I am getting estimates from the recommended people from this board.

 

 

How about Louis Skebo, Christopher Lau, Kenji Mishina, David Hofhine, Fred Lohman etc.

 

If you could share personal experiences, costs and turnaround time it would be most appreciated.

Guest Nanshoku-Samurai
Posted

Hello Tim,

 

I'm giving you my cheap oppinion. My oppinion is of course argueable and everybody else may well have a different oppinion and his / hers prefered polisher. But this is my oppinion:

 

First of all you have to determine how much your sword is worth and then choose a reasonable polisher. It is e.g. no good idea to send bad blade to a high class polisher. You might be buried afterwards. But if teh polisher is a honest person . which I would say is true for any of the high class polishers - he will also shout you his oppinion and and not recommend or even refuse polishing a bad quality blade.

 

You said:

 

How about Louis Skebo, Christopher Lau, Kenji Mishina, David Hofhine, Fred Lohman etc.

 

 

I can't comment on Christopher Lau as I haven't seen any of his work yet.

 

Mishina is a top polisher. You can tell this by his long waiting list. Very good work. However also chance that not the master himself might polish your blade but a student.

 

Hofhine is in my oppinion a very eager and well self taught Togi. Recommendable for mid quality blades.

 

I do not know whom Lohman is using.
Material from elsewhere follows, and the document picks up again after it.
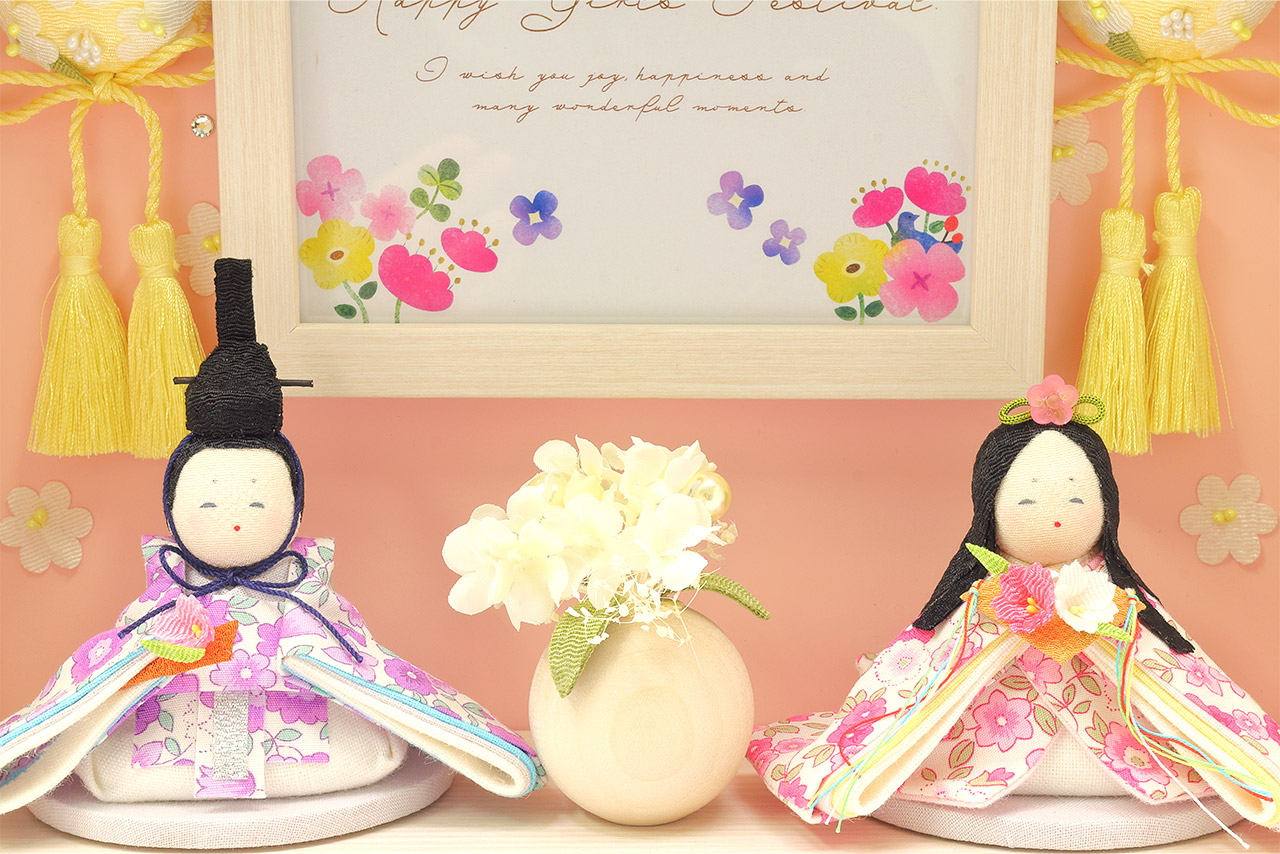 ミニ雛 お花のお家 親王飾り【E057】 お家型のフレームが可愛い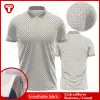 Sommar kortärmad t-shirt män trendig vridning krage polo skjorta pläd tryckta damer pärla mark mesh tunn casual t shirt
I think this polisher might be okay for Showato blades but I personaly think the polish is not of good quality.

 

Skebo is to new to the market in my oppinion and still needs to learn from an expirienced, non self-taught polisher before moving up to better quality blades.

 

Very recommendable in the US is also Bob Benson and Moses Beccera whom you can both find on the web. The is a third polihser in the US whose last name ist startingh with a Y I think. Unfortunately I can't remember his name right now. He also does an excellent job and has learned in Japan for many years like Benson did.

 

In Canada you might also use Don Myra or Martin White.

 

Just my cheap oppinions but choose your polisher wisely. Once a blade gets ruined by a bad polisher there is not much left you can do about it.

Posted

one truely needs a slashing and I have personally seen what he and his disciples did to my friend's sword.

 

Chris. Lau is in Heaven.....................

 

the others mentioned I can't say, I send swords to Big Mo.

Posted

We don't have anyone at the same level as Moses Beccera in the UK.

 

The only polisher I've ever used in the UK is John Bolton so I can't really comment on the others. If you have a good blade here people generally ship them to Japan for polish.

Posted

Can't comment on most of the names, since I haven't seen their work, but the most highly regarded "Westerner" that I commonly see recommended is Bob Benson in Hawaii. He is used by many of the advanced collectors that I have had the pleasure of communicating with.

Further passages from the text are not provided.